# Freshwater vs Saltwater boat; ASA courses



## TSOJOURNER (Dec 16, 1999)

Hello out there.

I''m a committed but novice sailor. I''ve spent the summer learning to sail on a lake near Dallas aboard a friend''s Ericson 32-3. The plan is to find an older 30+ ft bluewater cruiser this fall, get some coastal/offshore experience out of Houston/Galveston, then go live the dream in the Carribean/S. America.

I''m 55, recently divorced, and on a budget. Since I''ll have to poor-boy it, I''m hoping to find an older, structurally-sound, bluewater cruiser. I don''t mind cosmetic imperfections (I''m fairly handy and have a lot of tools for DIY projects). I will likely be limited to less than $30K including required refit.

My primary questions at this point:

1. Freshwater vs saltwater boat -- would the lower corrosion factor typically justify the extra expense to transport a lake boat to saltwater (say $5-7K), all other factors equal?

2. I''m planning on taking the ASA series of courses (including passagemaking and celestial nav) to supplement my unstructured training this summer. Any good/bad experiences in the Houston/Kemah/Galveston area, and does it justify the cost? Should I delay buying a boat until after completing the courses?

Thanks for any help.

Jay Wardlaw
[email protected]


----------



## TSOJOURNER (Dec 16, 1999)

Jay,

Not only would I look at "fresh water boats" I would try to find a "northern boat". One that has not baked in the sun, sat in the warm salt water and. most importantly, one that has been hauled out every fall and had 8 months to "dry out".

After owning boats on the Atlantic Coast and Lake Champlain I can say that the differnce can be striking.

Dennis


----------



## Jeff_H (Feb 26, 2000)

My sense is that both freshwater and saltwater has their own distinct advantages and disadvantages. Salt water is harder on the raw water side of engine (heat exchangers and exhausts), hardware and standing rigging. Freshwater is harder on fiberglass laminates. Saltwater boats tend to have been upgraded and have more frequent replacements of salt affected parts and so may actually be in better shape than a fresh water boat getting by on thirty year old fresh water cooled engine parts and deck hardware. Northern boats tend to be in better shape cosmetically but the freeze thaw cycles are hard on caulking, laminate and deck cores. Hauling out is hard on a hull. Northern boats also tend to be much more expensive. 

Also with the age of the boat that you are considering on your budget, the cost of transporting (which should be way less than 5K) is still not worth it for any minimal benefit that you might obtain. A $30,000 ready to go offshore cruiser is a $15,000, 25 to 40 year old, 30-32 footer with $15,000 in new sails, and rebuilt gear. You need every dollar that you can save. 
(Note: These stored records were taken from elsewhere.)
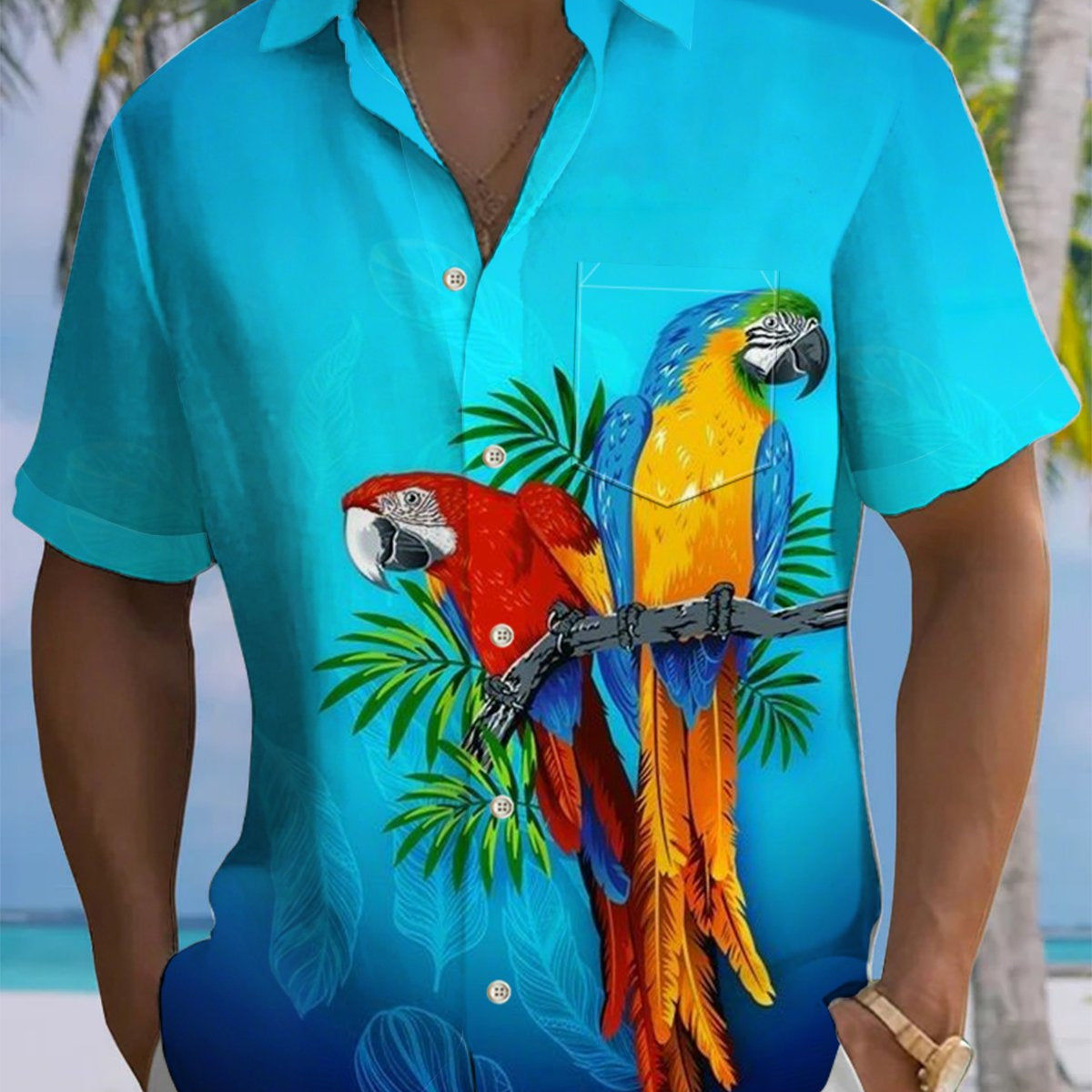 Alohadaddy® Hawaiian Parrot Art Print Chest Pocket Men's Short Sleeve Shirt Big & Tall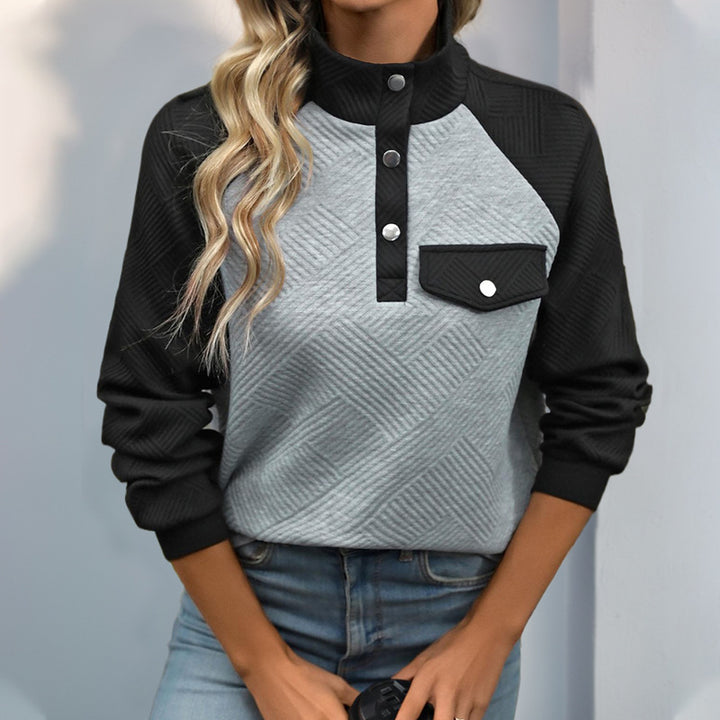 Damen Steppstruktur-Sweatshirt mit Raglanärmeln, Druckknopf-Leiste und Brustpatte Drune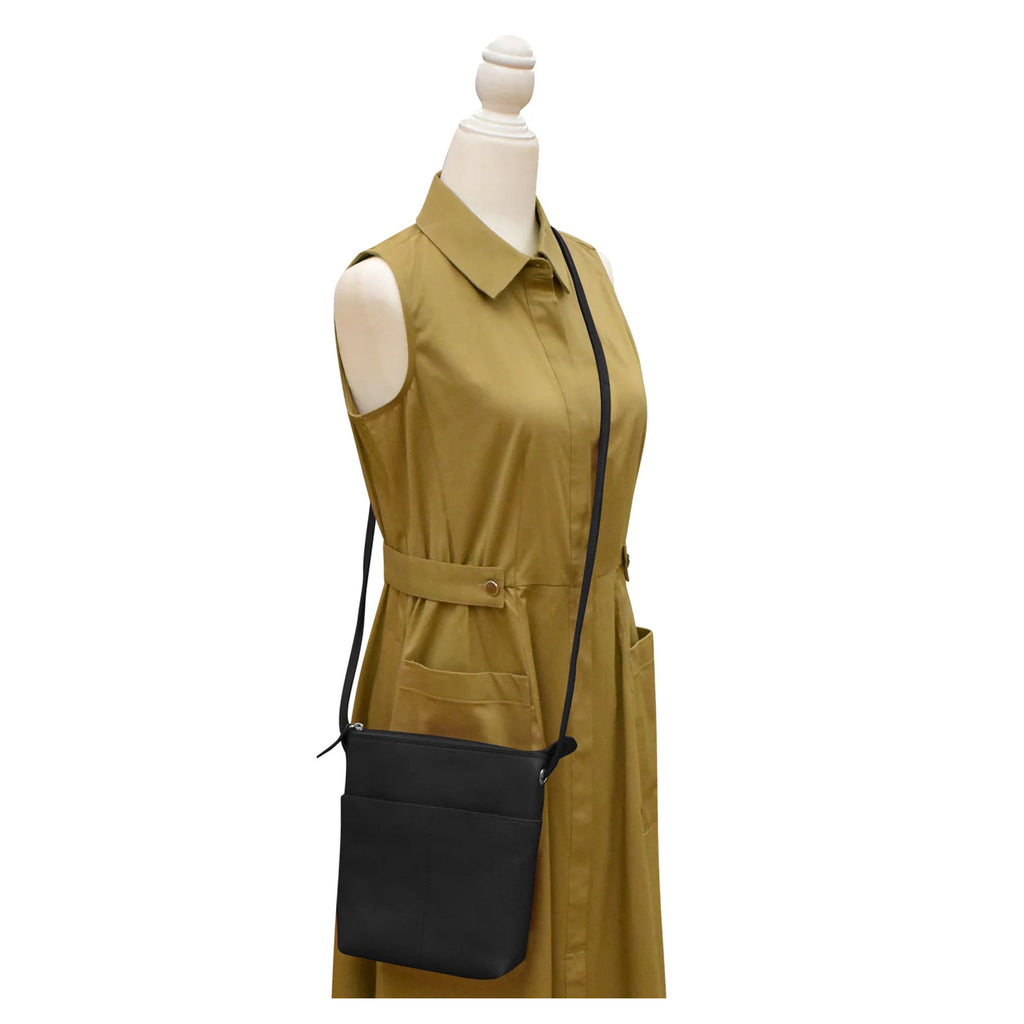 Women's ILI Midi Sac RFID Blocking Crossbody BLACK 6661-BLACK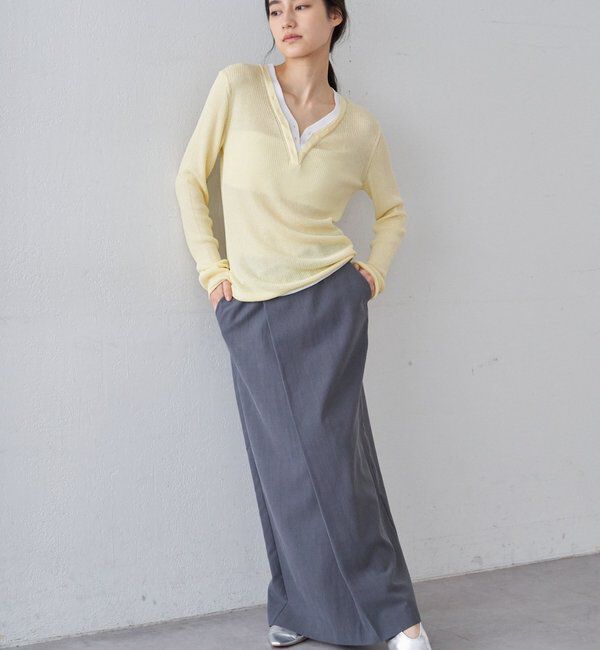  「【26SS予約】ウエストデザインスカート」|スカート|グレー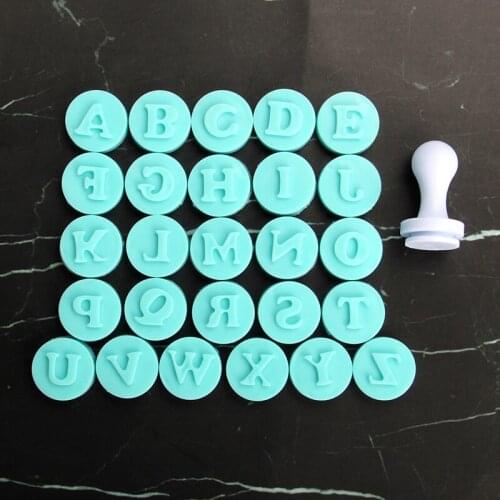 Free Shipping Mini Uppercase Letters Shapes Fondant Pastry Cookie Stamps Set HB1057A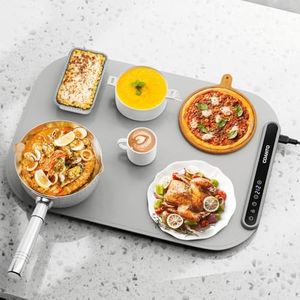 Food Warming Mat, Electric Warming Tray for Buffets & Parties, Silicone Heating Mat with 7 Temperature Settings, Roll-Up Storage, 17.91"x12.8", Ideal for Solo or Couple Dining, Light Grey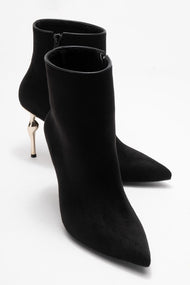 Crista - Black Pointed Toe Heeled Boot (Women)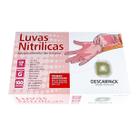 Luva nitrílica descart. sem pó rosa descarpack 200un tam:g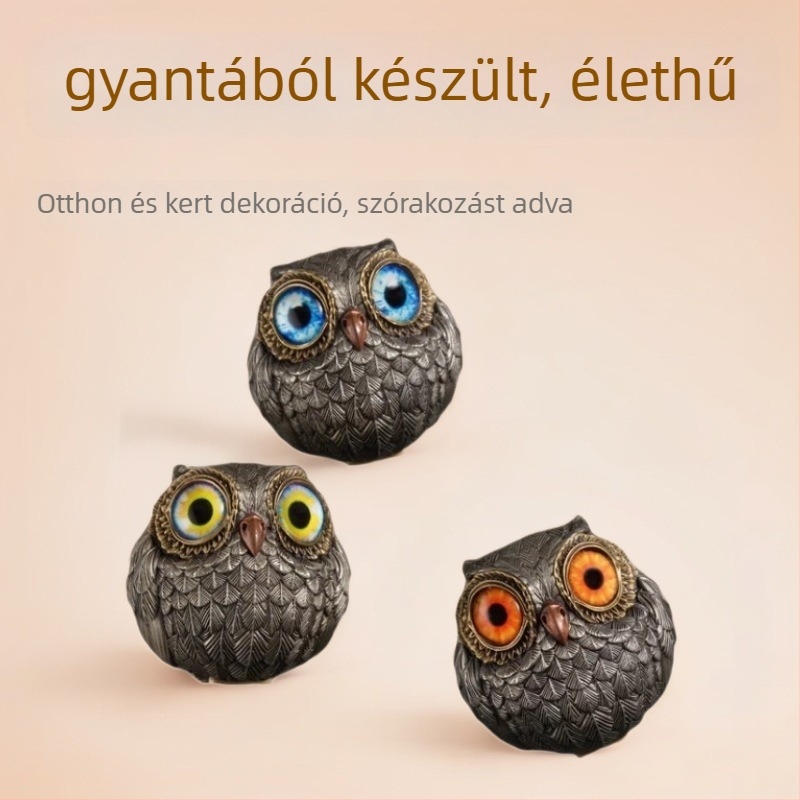 Bagoly szintetikus gyantából – modern, minimalist dekoráció otthonra és a kertbe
You should absolutely take the courses and get a bunch of sailing in before you buy the boat because that will shape your thinking about the boat that you choose to buy. 

Jeff


----------



## TSOJOURNER (Dec 16, 1999)

Dennis,
Thanks for the information. Is the anuual fall-to-spring haul out what is meant by "dry sailed" in some of the ads?

Jay


----------



## TSOJOURNER (Dec 16, 1999)

Jeff,

Thanks for responding. I hadn''t thought of the more frequent upgrade/replacement factor in saltwater boats. I would actually prefer to find one already located in the Gulf or Atlantic seaboard anyway, just to eliminate the hassle of moving it. And my figure for transport costs came from anecdotal evidence only. I haven''t gotten any quotes. I''m glad to know it would be less costly if I do stumble upon a real deal on a lake somewhere.

By the way, reading your thoughts in other messages on VCG and hull shapes has changed my thinking somewhat. When surfing the ads I''ve started paying more attention to the ballast/displacement relationship, and can also now see how longer, narrower boats for a given displacement would be advantageous.

I think I''m beginning to understand this stuff a little better, but I''m mainly finding out how little I actually know. Sailboat knowledge seems like an inverted pyramid -- the more I learn, the more new questions I have. I guess at some point I''ll have to use the NIKE philosophy and just do it.

Speaking of new questions, a few more occur to me:

1. As to the sailing courses, is there any substantive difference between ASA and US Sailing schools?

2. Would you advise using a buyer''s broker when I begin seriously shopping in another month or so? I''ve heard both sides of the argument.

3. How do I find out for sure if a boat I''m looking at has been in charter service? I''m not saying I wouldn''t buy one that had been -- just that I would want to look at it differently than one owned by a knowledgeable private owner for a reasonable period.

4. West coast prices (especially Calif) seem to be lower for comparable boats. Is this just a function of supply/demand for used boats there or is the Pacific environment tougher on boats for some reason?

5. Finally, do you have an opinion of 70''s -80''s vintage Pearsons? A friend said some are sturdy enough for blue water and suggested I look at them, but their lower values make me think there is a reason they''re priced that way.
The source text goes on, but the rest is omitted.